FreeBSD uses the following algorithm for page replacement. Periodically the page frames are swept clearing the access bit. If the access bit is found set, a counter associated with the page is incremented, else it is decremented. The counter is clipped to 0 through 64. Un-accessed pages are the with counter value 0.

FreeBSD places pages in one of five queues: active, inactive, cache, wired and free. Free pages are either zero-filled or not. The swapout demon zero fills free pages as it has time. Inactive pages are candidates for swapout, however they may be dirty. They are scheduled for writeback if they are. Once an inactive page is clean it is placed on the cache queue. Such a page can be pulled back into use, it is a sort of second-chance queue. From the cache queue the page goes to the free queue. Once in the free queue it eventually ends up on the zero-ed edge of the free queue.

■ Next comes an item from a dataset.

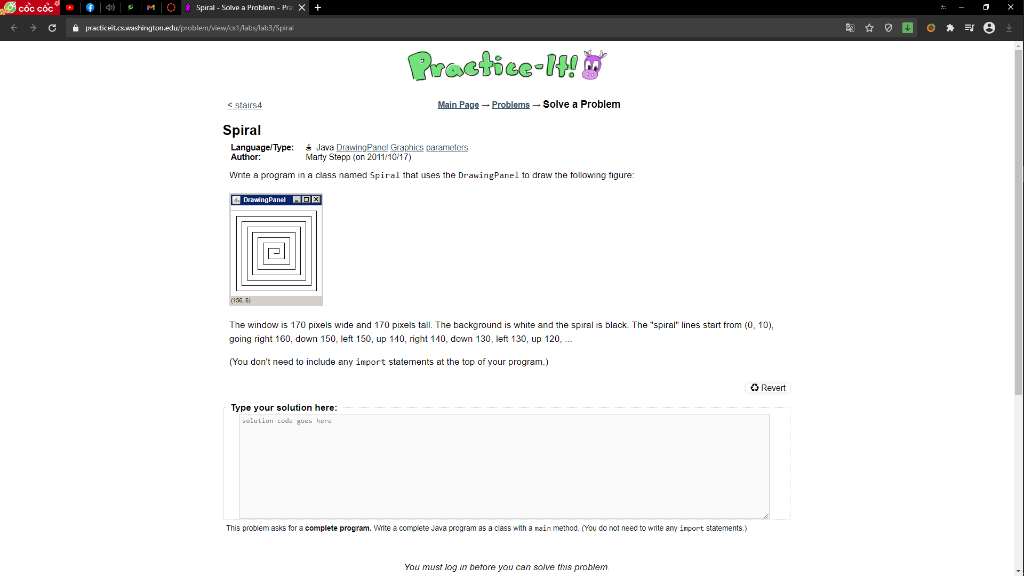 Write a program in a class named Spiral that uses the | Chegg.com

FreeBSD uses a global page replacement mechanism. It does not track working sets per process. Windows does, because VMS did. (Whenever a Microsoft cognizenti begins to explain why WNT does something someway, just interrupt and say "it's because that's how VMS did it.") However FreeBSD has not found an advantage to this, rather contends that such a mechanism is more likely to mismanage than optimize resources.

To keep track for free page frames, those free that are zeroed (you can't reuse a frame until it is zero else you have a privacy problem), as well as possible reference counts for shared pages, a table is kept with one entry for each page frame.

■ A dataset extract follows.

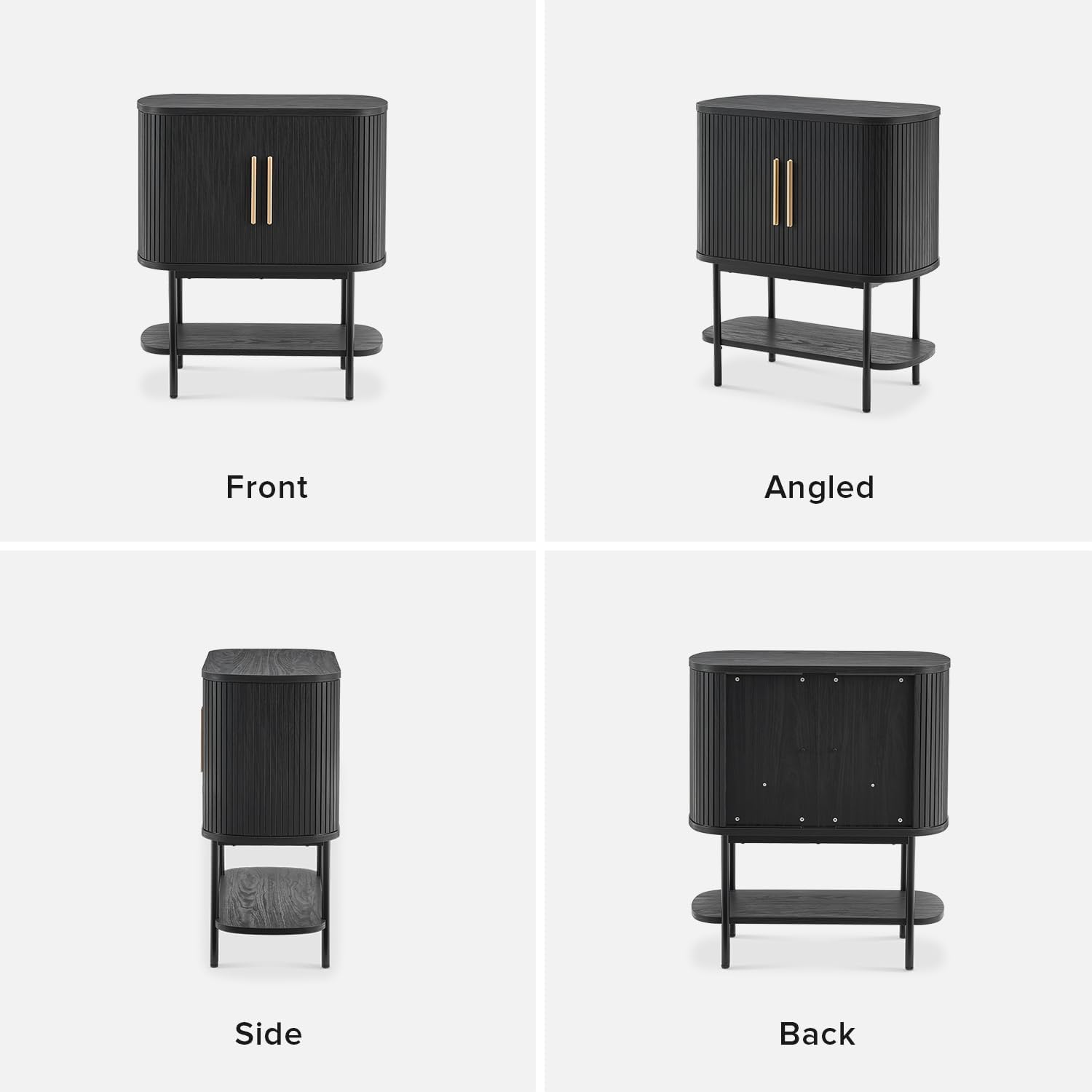 mopio Quin Storage Cabinet, Tambour Fluted Entryway Accent Sofa Tables, Buffet Sideboard with Doors & Shelves, Pantry Coffee Wine Bar Cabinet, Wood Console Table, Mid Century Modern (Black)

There is yet another structure needed which we will call the Virtual Address Descriptor, or VAD. This keeps track of regions of virtual memory, aligning them with the requested memory backing store. (A backing store is the physical memory behind the virtual memory). It indicates whether this is data, then the backing store is swap, and initial faults get zero-filled pages, or this is text, then the backing store is a file, and it also indicates which file and the alignment between memory addresses and offsets in the file.

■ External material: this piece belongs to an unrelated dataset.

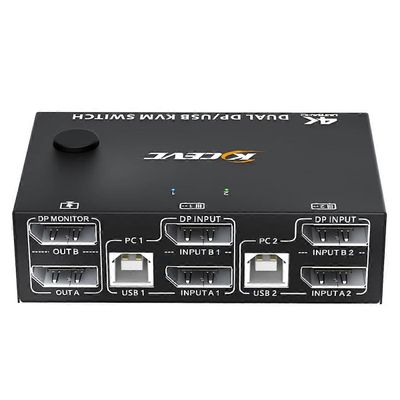 8K kahden näytön KVM-kytkin, Displayport 1.4 KVM-kytkin 2 näyttöä 2 tietokonetta 8K 30Hz 4K 144Hz 4 USB-portilla Musta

The VAD can declare the region "wired", which means it is never swapped. Often large portions of the kernel are wired. The VM code must be wired, else you will try to swap out the swap out. Also, memory that is involved in any DMA's to IO devices must remain in RAM during the DMA, so those will get wired. There is another meaning to "swapping" a process. When there are too many processes, memory pressure builds. There is not enough physical memory to hold all working sets, and the progress of all processes suffers. In fact, processes can "thrash", where more time is spent moving pages to and from the swap space than computing.

Some systems, including FreeBSD, will completely evict a process, all its pages, and put the process in a "swapped-out" state, where it will receive no cycles. The swap demon will trigger on low memory to choose a process to swapout. The process will enter sleep and all of its pages will be swapped out.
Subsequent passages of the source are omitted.